TASK TO COMPLETE
Pictures in the material below are to be left out, and only the lines from the line with "Commander Jacob Hendricks" up to and including the line with "Bộ sưu tập mùa xuân 2013 của" are to be written out exactly.

RECORDS FOR THIS EXERCISE section start

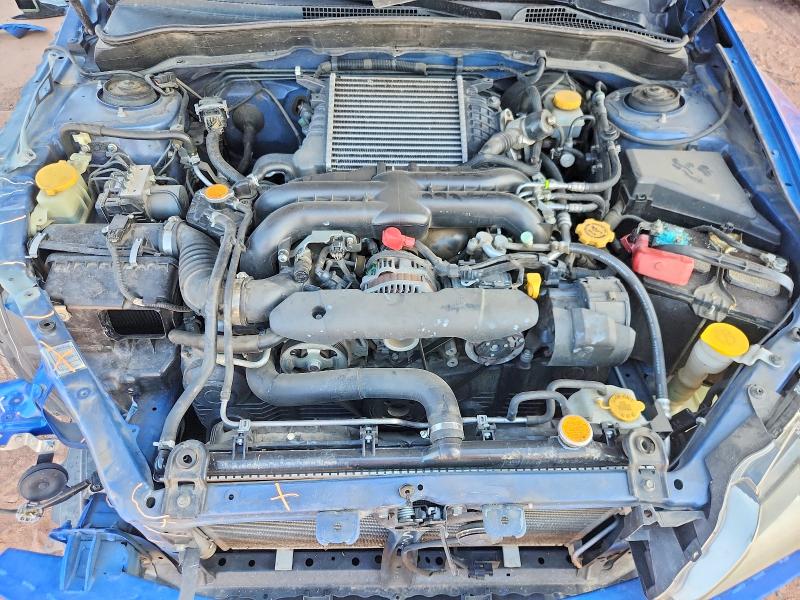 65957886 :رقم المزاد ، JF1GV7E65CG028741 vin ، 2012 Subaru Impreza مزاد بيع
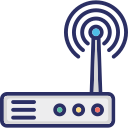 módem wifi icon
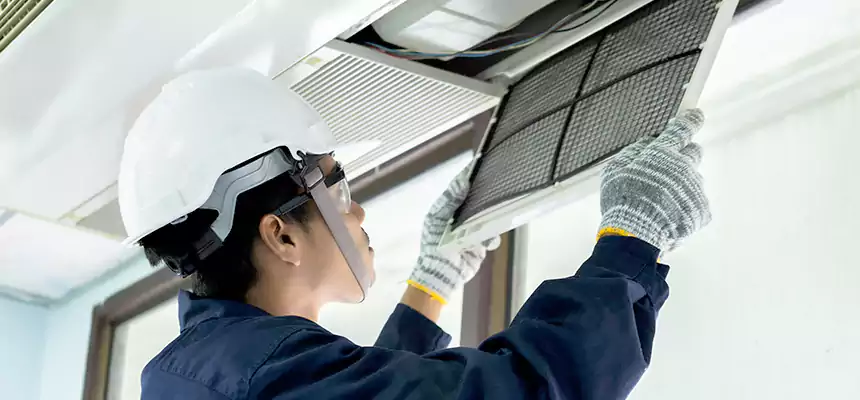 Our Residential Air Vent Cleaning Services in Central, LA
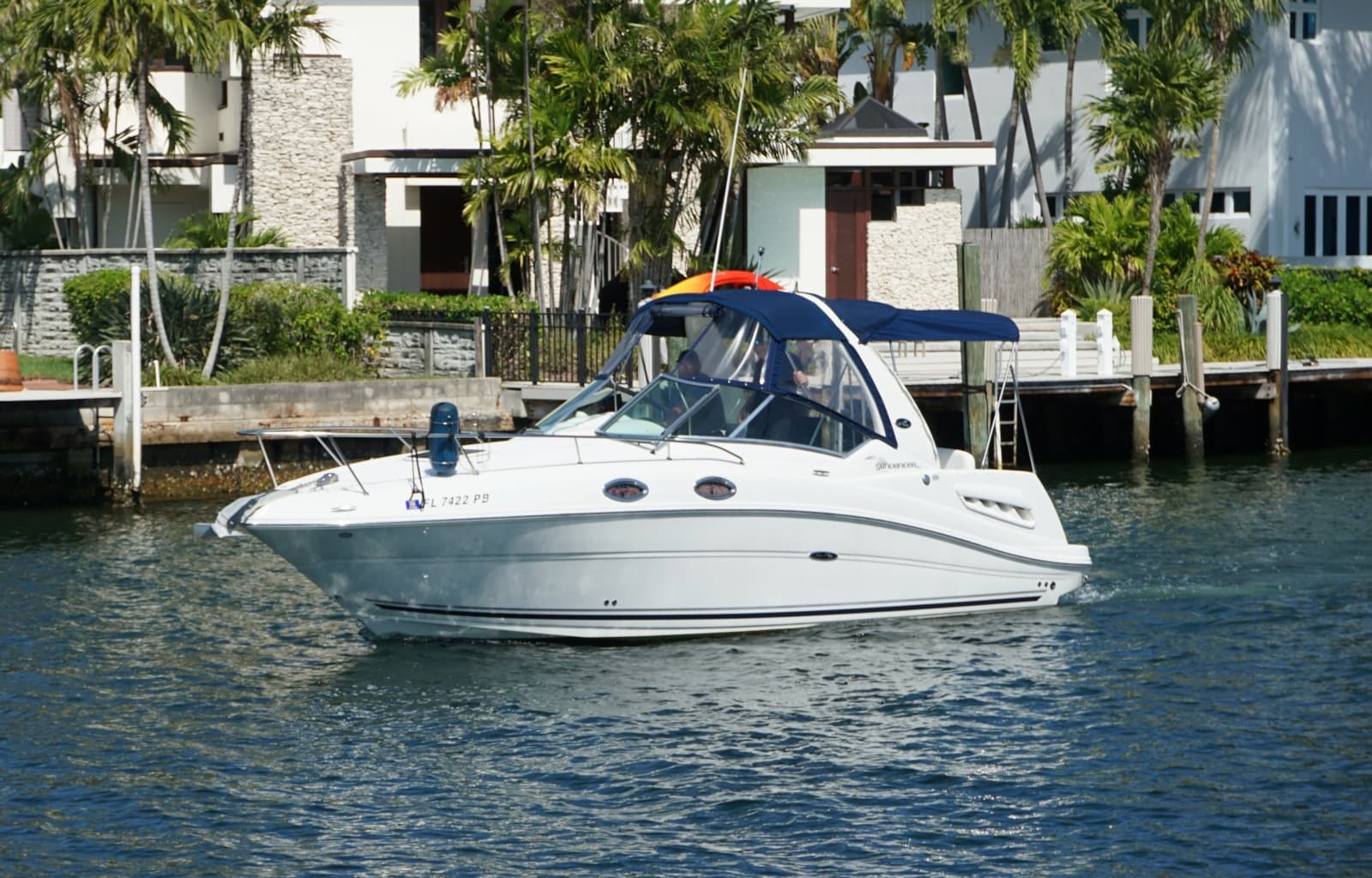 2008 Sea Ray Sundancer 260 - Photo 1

RECORDS FOR THIS EXERCISE section end
RECORDS FOR THIS EXERCISE section start

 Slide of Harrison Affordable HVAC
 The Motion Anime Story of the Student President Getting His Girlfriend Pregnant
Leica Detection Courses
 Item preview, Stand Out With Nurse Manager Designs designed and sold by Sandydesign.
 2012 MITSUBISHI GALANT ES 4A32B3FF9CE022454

RECORDS FOR THIS EXERCISE section end
RECORDS FOR THIS EXERCISE section start

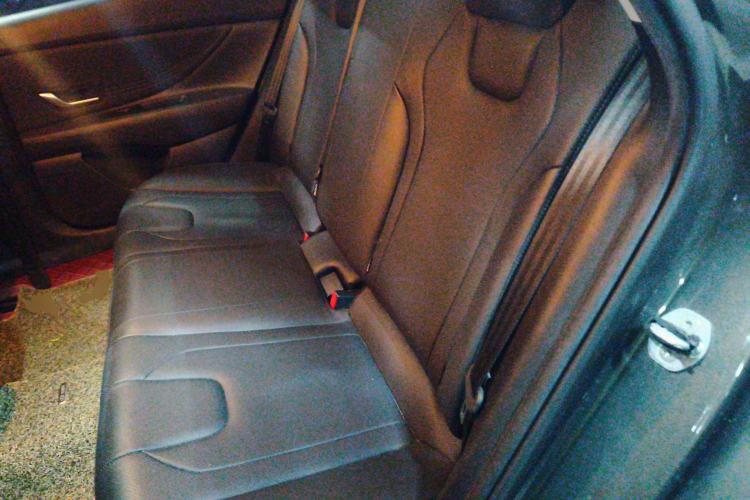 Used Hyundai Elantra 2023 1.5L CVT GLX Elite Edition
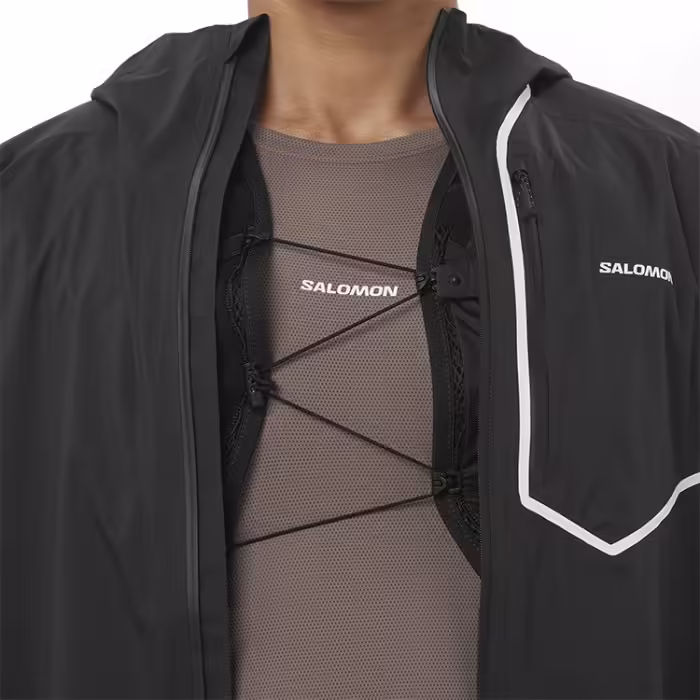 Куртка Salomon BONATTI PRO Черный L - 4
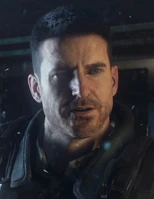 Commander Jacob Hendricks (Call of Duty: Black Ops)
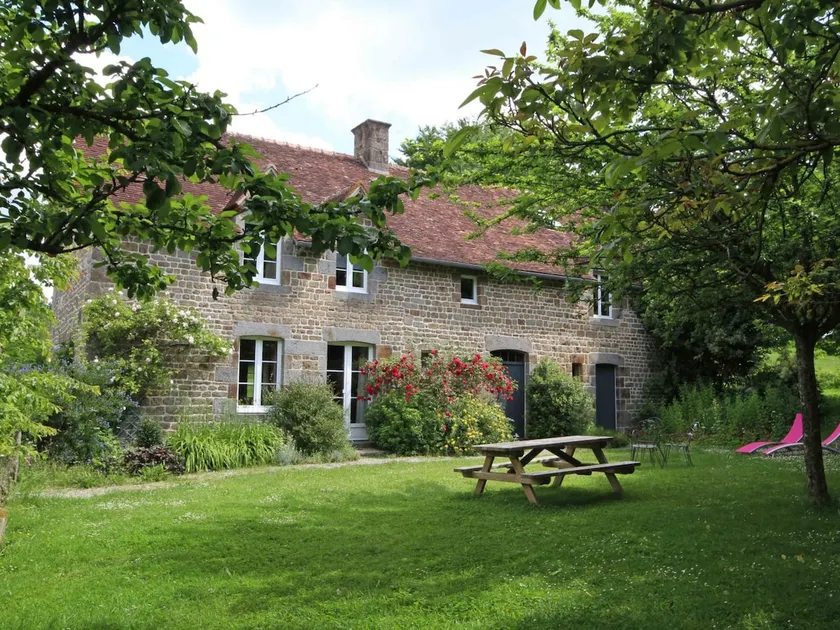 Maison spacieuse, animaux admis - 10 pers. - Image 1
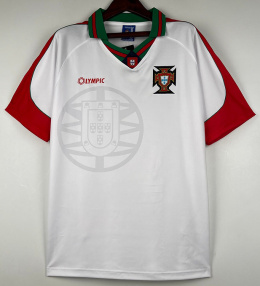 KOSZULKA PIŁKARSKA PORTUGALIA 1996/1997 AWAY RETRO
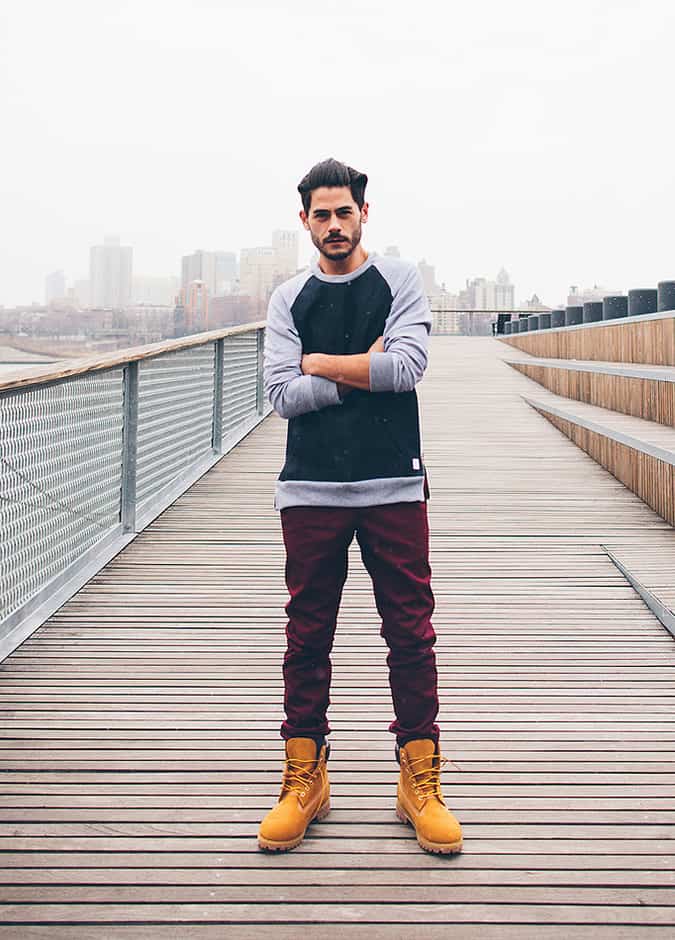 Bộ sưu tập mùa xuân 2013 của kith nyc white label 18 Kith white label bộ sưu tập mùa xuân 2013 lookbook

RECORDS FOR THIS EXERCISE section end

TASK SOLUTION
 Commander Jacob Hendricks (Call of Duty: Black Ops)
 Maison spacieuse, animaux admis - 10 pers. - Image 1
 KOSZULKA PIŁKARSKA PORTUGALIA 1996/1997 AWAY RETRO
 Bộ sưu tập mùa xuân 2013 của kith nyc white label 18 Kith white label bộ sưu tập mùa xuân 2013 lookbook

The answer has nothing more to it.